In 1432 Alberti went to Rome to become a secretary in the papal curia; his service to several popes enabled him to travel extensively in Italy and make contact with influential people.
Alberti produced books on a variety of subjects, including family ethics, cartography, cryptography, and aesthetics.
His three most influential works, on painting, sculpture, and architecture, were instrumental in changing the tastes and customs of artists and patrons alike, and set stylistic standards for centuries to come.
Alberti's De re aedificatoria (1450) is his theoretical masterpiece.
Alberti is described as a 'gentleman of Florence' in the inscription surrounding his woodcut portrait.
Image from the Steedman's 1550 edition of Alberti's De re aedificatoria, printed in Florence. It is dedicated to Cosimo de Medici, Duke of Florence. This edition was the second translation of the work from Latin into Italian, but was the first to include illustrations.
This page from the 1550 Steedman copy of Alberti illustrates in precise detail the forms and proportions of the Ionic order of columns. Handwritten notes from a later time can be seen.

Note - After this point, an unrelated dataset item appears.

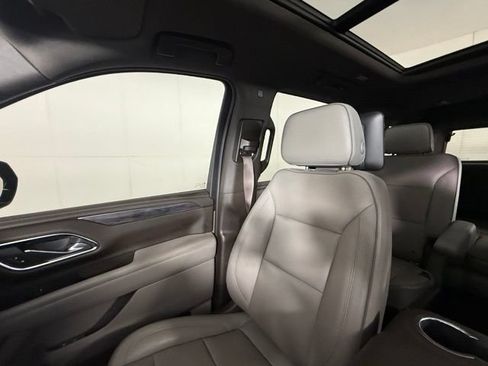 Used 2021 GMC Yukon SLT w/ SLT Premium Package RWD image 13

The binding of the Steedman copy of the 1550 edition of Leon Battista Alberti's De re aedificatoria is a good example of the practice of using pages from unrelated older books as endpapers and flyleaves.
This is the front flyleaf, which is a printed page from a musical score.
Leon Battista Alberti's text De re aedificatoria included much information for the practicing architect and builder on construction materials and methods.
Image from the Steedman 1550 edition, the first Italian edition to include illustrations.